[Start of Attachment]

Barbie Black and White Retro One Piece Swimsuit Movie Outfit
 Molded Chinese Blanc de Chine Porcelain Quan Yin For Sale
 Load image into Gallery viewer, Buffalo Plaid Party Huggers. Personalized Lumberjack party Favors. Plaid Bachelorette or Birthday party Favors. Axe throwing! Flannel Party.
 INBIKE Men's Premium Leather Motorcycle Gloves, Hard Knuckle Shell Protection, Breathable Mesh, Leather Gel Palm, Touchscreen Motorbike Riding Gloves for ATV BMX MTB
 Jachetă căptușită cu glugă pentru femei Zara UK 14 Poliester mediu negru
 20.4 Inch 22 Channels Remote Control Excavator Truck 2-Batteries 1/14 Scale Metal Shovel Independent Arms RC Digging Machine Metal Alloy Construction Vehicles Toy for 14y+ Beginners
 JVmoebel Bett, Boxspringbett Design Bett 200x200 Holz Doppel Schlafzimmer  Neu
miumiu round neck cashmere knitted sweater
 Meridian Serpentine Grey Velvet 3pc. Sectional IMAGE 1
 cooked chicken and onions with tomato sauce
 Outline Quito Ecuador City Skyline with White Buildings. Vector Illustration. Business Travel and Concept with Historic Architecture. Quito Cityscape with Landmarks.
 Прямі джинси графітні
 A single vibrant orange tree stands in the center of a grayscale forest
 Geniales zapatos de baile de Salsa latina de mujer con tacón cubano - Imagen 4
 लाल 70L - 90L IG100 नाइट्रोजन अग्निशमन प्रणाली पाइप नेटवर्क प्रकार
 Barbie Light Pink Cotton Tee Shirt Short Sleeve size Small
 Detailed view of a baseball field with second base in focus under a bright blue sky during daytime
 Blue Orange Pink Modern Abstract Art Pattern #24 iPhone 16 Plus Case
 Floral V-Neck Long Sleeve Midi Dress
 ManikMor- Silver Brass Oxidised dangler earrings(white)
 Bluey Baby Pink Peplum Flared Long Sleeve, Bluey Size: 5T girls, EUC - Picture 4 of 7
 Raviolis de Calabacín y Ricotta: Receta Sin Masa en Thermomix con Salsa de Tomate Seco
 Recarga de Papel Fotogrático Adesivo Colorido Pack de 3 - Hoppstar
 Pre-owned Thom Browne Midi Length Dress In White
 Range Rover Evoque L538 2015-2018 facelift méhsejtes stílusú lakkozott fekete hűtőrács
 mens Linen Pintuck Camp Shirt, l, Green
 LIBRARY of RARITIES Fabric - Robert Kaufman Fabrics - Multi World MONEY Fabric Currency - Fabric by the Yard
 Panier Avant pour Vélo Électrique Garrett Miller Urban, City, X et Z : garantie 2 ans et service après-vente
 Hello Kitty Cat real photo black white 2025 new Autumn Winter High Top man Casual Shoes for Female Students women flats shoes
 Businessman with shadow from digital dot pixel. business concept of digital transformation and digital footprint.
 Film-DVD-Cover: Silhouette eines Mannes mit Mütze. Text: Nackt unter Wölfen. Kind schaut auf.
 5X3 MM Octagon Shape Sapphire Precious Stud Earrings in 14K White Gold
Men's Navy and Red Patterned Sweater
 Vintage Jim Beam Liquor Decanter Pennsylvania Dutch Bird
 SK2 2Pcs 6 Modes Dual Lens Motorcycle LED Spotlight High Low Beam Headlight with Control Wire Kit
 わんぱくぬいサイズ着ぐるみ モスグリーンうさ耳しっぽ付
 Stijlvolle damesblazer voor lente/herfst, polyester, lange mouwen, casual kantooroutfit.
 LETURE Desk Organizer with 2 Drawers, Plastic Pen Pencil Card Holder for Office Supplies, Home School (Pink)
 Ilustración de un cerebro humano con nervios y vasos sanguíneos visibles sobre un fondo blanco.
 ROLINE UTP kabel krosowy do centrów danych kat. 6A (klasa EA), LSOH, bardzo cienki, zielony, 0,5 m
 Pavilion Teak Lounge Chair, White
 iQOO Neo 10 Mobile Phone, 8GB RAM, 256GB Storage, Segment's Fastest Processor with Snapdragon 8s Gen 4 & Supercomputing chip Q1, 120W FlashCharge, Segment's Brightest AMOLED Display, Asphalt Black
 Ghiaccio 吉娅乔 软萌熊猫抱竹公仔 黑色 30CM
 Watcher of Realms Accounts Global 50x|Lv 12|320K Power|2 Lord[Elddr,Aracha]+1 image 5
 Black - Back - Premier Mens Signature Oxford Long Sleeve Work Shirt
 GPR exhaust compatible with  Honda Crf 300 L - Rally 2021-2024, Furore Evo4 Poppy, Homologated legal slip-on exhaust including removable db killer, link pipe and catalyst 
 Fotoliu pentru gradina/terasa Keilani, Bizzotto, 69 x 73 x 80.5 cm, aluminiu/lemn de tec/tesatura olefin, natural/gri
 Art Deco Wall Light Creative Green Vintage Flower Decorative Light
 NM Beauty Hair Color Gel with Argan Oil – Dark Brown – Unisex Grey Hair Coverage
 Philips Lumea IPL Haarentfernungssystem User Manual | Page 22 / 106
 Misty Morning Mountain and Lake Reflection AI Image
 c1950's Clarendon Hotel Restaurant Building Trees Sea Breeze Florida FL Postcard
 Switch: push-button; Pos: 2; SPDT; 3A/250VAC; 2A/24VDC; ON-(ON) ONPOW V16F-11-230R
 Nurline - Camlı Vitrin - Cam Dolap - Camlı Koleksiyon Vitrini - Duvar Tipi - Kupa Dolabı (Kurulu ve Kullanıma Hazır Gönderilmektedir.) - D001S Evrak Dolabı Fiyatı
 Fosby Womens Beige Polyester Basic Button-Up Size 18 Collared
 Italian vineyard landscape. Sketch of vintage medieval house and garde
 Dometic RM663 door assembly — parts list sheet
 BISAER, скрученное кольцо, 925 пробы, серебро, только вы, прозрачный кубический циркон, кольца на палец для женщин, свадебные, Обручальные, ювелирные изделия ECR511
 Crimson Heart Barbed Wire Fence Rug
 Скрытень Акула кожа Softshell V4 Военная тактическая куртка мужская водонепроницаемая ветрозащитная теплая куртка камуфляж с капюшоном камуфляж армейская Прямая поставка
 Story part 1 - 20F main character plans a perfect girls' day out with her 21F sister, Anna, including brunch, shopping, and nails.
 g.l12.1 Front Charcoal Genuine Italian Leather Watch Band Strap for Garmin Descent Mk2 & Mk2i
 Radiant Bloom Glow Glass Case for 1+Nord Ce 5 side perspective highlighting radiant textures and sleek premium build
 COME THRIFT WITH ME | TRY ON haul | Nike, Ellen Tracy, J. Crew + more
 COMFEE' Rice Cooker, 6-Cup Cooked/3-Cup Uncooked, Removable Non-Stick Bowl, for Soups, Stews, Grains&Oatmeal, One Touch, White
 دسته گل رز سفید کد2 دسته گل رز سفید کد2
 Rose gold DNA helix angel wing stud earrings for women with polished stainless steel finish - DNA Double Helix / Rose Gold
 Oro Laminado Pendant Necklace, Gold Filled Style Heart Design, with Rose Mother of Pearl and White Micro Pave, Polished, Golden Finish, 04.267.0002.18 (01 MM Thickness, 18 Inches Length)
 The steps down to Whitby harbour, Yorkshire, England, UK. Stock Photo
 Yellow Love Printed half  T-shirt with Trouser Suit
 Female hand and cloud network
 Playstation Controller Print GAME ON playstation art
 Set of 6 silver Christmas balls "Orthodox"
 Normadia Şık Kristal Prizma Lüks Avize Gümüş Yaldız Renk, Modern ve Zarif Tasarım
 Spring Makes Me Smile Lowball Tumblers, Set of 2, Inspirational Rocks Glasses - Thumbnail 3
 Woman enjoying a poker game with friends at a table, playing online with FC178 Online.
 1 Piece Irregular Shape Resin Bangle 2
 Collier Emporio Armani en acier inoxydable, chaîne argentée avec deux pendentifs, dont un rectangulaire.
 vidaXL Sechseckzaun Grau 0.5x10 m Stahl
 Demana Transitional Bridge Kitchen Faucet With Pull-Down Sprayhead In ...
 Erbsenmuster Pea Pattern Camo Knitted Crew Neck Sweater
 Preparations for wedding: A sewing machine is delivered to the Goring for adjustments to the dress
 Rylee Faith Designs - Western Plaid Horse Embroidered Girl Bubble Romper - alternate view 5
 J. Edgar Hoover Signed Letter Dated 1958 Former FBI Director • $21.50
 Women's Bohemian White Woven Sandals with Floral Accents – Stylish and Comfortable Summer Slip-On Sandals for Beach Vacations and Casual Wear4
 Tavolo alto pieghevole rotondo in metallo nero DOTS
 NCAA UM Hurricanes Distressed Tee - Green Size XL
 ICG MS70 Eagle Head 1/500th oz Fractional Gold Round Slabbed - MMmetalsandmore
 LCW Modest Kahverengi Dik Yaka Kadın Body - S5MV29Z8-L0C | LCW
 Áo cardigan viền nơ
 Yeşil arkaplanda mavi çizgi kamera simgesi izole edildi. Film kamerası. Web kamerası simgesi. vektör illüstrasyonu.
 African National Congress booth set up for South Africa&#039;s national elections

[End of Attachment]

• **Task statement**: Within the entries, find all lines holding "Rose" and copy each one.

• **Result of this exercise**:
 Rose gold DNA helix angel wing stud earrings for women with polished stainless steel finish - DNA Double Helix / Rose Gold
 Oro Laminado Pendant Necklace, Gold Filled Style Heart Design, with Rose Mother of Pearl and White Micro Pave, Polished, Golden Finish, 04.267.0002.18 (01 MM Thickness, 18 Inches Length)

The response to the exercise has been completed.